アリスト以降、多くのトヨタ車では標準装備、あるいはメーカーオプションでJBLが採用され続けており、両社のコラボレーションは世代を重ねるにつれ熟成されていく。現在、日本において販売されている車種でJBLを搭載するのは8車種。アルファード/ヴェルファイア、ハリアー、カムリ、ランドクルーザー、MIRAI、プリウスPHV、GRスープラ、GRヤリスである。
JBLプレミアムサウンドシステム搭載トヨタ車
クルマにあわせて設えられた専用オーディオの凄味
聴いて気持ちいいサウンドこそJBLの真骨頂
8車種のJBL搭載トヨタの中から、今回はGRヤリス、MIRAI、ランドクルーザー、ハリアー、アルファードについて、そのサウンドを体験することができたが、見事なのはそれぞれのクルマで、その車種の持つイメージを尊重しつつJBLらしさを主張する内容に仕上げられていることだ。『同じJBLなのだから同じような音がするのだろう』と思いきやさにあらず。はっきり言えば全て違う音である。しかし、JBLなのである。“JBLらしい”のはサウンドトーンではなく、いわばサウンドポリシーといったところだろうか、ドライバーがドライブしながら聴いて気持ち良いと思わせるサウンドなのだ。

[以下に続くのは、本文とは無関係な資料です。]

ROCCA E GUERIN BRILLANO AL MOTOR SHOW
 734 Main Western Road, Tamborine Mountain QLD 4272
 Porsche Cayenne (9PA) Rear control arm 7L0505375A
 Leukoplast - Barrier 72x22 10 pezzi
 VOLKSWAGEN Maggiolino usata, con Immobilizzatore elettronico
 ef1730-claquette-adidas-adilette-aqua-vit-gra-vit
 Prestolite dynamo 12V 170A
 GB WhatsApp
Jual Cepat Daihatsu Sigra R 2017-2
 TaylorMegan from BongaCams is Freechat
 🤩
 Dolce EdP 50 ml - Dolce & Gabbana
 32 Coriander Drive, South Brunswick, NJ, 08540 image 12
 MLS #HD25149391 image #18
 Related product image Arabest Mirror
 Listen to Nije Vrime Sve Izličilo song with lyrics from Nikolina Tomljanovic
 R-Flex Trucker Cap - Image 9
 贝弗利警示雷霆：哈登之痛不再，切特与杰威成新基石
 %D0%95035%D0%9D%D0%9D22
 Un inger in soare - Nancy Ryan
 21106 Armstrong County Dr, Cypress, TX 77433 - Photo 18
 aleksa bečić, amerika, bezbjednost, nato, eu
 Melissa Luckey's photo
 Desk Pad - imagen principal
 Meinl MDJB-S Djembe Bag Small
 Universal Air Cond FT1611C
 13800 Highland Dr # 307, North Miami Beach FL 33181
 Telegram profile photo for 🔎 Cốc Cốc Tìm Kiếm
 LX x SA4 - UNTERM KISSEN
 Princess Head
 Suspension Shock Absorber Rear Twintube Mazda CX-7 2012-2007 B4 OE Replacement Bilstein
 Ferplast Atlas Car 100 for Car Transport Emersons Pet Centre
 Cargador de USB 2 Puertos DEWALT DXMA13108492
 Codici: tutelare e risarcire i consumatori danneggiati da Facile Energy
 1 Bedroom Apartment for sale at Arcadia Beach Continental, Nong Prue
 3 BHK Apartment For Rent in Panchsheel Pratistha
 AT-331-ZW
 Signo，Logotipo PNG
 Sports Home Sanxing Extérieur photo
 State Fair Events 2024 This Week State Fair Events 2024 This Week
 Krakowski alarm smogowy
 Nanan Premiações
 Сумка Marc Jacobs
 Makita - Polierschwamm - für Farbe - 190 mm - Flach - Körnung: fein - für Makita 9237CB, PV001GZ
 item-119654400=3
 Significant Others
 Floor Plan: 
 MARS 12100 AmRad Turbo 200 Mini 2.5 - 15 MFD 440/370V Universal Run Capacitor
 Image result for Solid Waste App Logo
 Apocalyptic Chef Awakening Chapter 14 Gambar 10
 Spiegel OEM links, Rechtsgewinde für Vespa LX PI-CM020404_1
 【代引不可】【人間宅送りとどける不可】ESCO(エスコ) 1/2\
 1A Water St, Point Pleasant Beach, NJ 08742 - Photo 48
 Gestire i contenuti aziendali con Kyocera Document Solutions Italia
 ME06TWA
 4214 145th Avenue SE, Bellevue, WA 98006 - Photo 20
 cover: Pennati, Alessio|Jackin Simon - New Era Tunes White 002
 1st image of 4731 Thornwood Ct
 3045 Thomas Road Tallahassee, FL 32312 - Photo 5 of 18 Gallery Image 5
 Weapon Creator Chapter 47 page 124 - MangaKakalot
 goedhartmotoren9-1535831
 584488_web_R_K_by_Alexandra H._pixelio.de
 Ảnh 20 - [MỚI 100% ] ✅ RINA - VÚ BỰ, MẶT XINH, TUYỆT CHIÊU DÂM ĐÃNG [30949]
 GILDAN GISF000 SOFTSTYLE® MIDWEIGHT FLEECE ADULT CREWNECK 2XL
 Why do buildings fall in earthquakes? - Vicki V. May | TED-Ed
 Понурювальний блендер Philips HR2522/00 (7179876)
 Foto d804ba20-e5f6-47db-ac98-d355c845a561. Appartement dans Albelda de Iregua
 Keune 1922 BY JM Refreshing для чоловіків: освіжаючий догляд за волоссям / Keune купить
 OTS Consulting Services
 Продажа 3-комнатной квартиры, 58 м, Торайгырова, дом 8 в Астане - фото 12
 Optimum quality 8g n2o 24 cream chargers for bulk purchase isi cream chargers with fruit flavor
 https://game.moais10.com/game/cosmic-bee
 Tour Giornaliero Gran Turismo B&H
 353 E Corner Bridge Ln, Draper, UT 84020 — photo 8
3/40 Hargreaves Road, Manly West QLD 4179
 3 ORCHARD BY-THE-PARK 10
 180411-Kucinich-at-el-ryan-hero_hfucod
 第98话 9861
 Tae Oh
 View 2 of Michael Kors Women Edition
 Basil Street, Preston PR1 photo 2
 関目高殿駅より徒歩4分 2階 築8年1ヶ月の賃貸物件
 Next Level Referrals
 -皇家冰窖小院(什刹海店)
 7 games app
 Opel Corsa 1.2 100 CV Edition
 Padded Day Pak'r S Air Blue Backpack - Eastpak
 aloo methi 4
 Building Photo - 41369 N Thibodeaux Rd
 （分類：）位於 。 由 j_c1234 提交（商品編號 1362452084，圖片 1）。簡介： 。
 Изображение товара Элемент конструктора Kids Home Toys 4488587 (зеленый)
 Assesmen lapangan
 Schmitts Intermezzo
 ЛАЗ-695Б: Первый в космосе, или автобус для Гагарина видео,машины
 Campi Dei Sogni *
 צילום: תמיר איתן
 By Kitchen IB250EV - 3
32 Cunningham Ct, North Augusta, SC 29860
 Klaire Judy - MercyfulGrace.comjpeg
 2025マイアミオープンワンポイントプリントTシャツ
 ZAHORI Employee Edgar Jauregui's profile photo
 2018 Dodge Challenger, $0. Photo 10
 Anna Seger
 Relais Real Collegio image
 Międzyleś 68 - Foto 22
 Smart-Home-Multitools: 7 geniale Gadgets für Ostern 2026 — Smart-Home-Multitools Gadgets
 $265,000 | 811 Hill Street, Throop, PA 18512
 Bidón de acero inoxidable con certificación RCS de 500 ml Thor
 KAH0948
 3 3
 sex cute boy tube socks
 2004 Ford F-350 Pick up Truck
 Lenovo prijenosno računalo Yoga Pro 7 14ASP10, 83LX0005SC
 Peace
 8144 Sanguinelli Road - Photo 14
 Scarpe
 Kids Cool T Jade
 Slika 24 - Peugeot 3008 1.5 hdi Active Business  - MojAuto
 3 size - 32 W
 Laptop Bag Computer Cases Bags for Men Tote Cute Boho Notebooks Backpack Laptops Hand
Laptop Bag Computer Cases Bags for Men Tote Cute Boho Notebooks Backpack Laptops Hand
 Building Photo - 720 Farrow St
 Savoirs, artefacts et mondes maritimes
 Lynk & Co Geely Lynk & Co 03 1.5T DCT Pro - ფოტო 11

GRヤリスは「エモい音」だし、ランドクルーザーは「端正な音」、MIRAIならば「静謐な音」、アルファードは「ゴージャスな音」といえるし、ハリアーは「官能的な音」なのである。いずれもクルマとの相性は抜群で、そのクルマに相応しいサウンドに仕上げられている。詳細は改めてレビュー記事として紹介したいが、かいつまんで述べれば、以下のようになる。
GRヤリス
WRCの魂を宿したスポーツモデルの走りに沿ったエモーショナルなサウンドで、メリハリの効いた音がウインドシールドいっぱいに展開される。アクセルを踏み込んだときに吹け上がるエンジンの音にも負けないオーディオの音は、心躍るドライブをもたらしてくれる。
MIRAI
ロードノイズしか聞こえない車内で、解像度の高いオーディオの音が堪能でき、情報量豊かな音楽の世界を味わいながら走ることができる。パワートレインがモーターへと移行していくと、上級サルーンで聴けるエンターテインメントとはこういうことかと思い知らされる。
ランドクルーザー
ラグジュアリーSUVならではといえる綺麗に整ったサウンドが聴ける。V6 3L超のディーゼルツインターボエンジンが発生させるノイズが車室内では大幅に低減される中で、音楽に含まれるひとつひとつの音の形がくっきりと聴き取れ、ゆったりとした空間で音楽世界に浸ることができる。
アルファード
広い車室内空間を活かしたサラウンド再生は、音の形を塊で聴き手にぶつけてくるような印象。きらびやかな音、どっしりとした量感をしっかり伝えてくるさまは、絢爛豪華な本車の仕様によく似た聴き心地が体験できる。一言で表現するならばゴージャスな音なのである。
ハリアー
まろやかで濃密な中高音は、メローな楽曲を雰囲気たっぷりに聴かせてくれる。特にスロージャズやしっとりとしたヴォーカルは、色気をともなって生々しさが感じられるほど。また、楽曲に施された録音の工夫なども良く聴き取れる解像力もあり、夜の都会のドライブなど気持ちよさそうだ。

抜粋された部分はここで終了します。